The goal of this program is to assess the community-based, integrated services provided to people aged 55 and older to see if they give them a better chance at remaining at home. We recruit participants from multiple sites through community referrals, we conduct physical and mental health assessments covered by a grant from the Office of Mental Health, and we follow their utilization of healthcare and community-based services over a five-year period. We want to see if utilization patterns match the clinical and social needs identified in their assessments, and we want to see if utilization of preventive rehabilitative services has a positive effect on readmission rates and other clinical outcomes.

With any community-based health program, and especially with one funded by a grant, it’s critical to ensure limited resources are allocated properly. That way, a program can target the individuals with the most pressing needs and achieve the outcomes that most closely align with program goals.

In our case, this meant understanding what makes it possible for someone to age in place, as opposed to someone who requires institutional long-term care. This is harder than it may sound, as people over 55 and the communities they live in are quite heterogeneous. Multiple sociodemographic, clinical, and healthcare access factors affect whether someone can stay in their home.

With the help of Healthfirst, we analyzed a combination of clinical, claims, and publicly available data to determine risk factors and identify specific population subgroups who faced those risks. The public datasets provide us with an important snapshot of each neighborhood. Information including demographics, crime, pollution, and the levels of education and professional jobs in a community give us a sense of what resources are available and who may — or may not — be able to access them.

From there, we began to develop a framework for more personalized psychosocial treatment, with interventions tailored to individual psychological, medical, and social needs. We also developed these interventions through the lens of prevention: What will keep someone from needing to go to the emergency department? What can prevent an inpatient stay? How can we help avoid institutional long-term care?

Understanding needs at the community level

Community is at the heart of this work. For starters, we’ve assembled a multidisciplinary team that comes together once a week to assess our work. This group includes health system and health plan representatives, along with the New York City Department for the Aging.
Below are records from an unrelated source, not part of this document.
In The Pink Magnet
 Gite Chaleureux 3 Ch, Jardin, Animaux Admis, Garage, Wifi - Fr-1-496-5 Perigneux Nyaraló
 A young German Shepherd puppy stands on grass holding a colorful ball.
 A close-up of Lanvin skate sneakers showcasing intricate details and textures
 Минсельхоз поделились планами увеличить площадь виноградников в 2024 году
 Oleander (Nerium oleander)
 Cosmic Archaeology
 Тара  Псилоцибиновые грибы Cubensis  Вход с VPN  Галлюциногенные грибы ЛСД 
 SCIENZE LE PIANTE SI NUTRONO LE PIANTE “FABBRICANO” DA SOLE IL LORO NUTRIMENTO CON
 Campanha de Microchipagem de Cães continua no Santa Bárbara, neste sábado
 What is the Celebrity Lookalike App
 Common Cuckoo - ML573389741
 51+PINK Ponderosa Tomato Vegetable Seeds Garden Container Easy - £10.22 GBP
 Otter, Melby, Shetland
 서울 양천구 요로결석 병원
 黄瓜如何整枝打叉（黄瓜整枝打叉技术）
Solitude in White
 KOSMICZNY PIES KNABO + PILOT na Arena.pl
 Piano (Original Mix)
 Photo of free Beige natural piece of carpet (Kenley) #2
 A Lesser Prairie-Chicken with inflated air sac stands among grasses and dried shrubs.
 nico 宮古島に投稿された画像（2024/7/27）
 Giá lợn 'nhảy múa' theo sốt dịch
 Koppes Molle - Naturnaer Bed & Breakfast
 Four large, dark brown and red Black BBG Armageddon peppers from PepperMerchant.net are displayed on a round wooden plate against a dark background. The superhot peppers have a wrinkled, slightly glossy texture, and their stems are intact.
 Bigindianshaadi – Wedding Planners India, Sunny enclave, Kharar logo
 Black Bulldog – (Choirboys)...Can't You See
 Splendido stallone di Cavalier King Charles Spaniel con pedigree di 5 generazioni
More broadly, we are very intentional about looking at social determinants of health and at a community level, not just an individual level. This helps us understand how systemic racism and segregation have limited access to care — but also how interwoven social, cultural, and religious networks have emerged to provide support in the neighborhoods we serve. This way, we’re able to partner with community organizations that are having a significant impact already without replicating or replacing their work.

The goal of the program is to produce insights that will be able to tell a provider at the point of care that an individual patient is at a high risk of no longer being able to live independently. We’re working to reach that point by continuing to refine and expand the data that we gather. This is helping us determine what interventions are working best and identify risk factors at a more granular level — both of which will allow more New Yorkers to remain in their beloved homes and communities as they get older.

This is the third in a series of posts highlighting partners of Healthfirst who are working to address various forms of health inequity for the New Yorkers we serve together. Our first post looked at Northwell Health’s use of data to address disparities in care, and our second explored how New York City Health + Hospitals is working to reduce maternal mortality rates in Black women.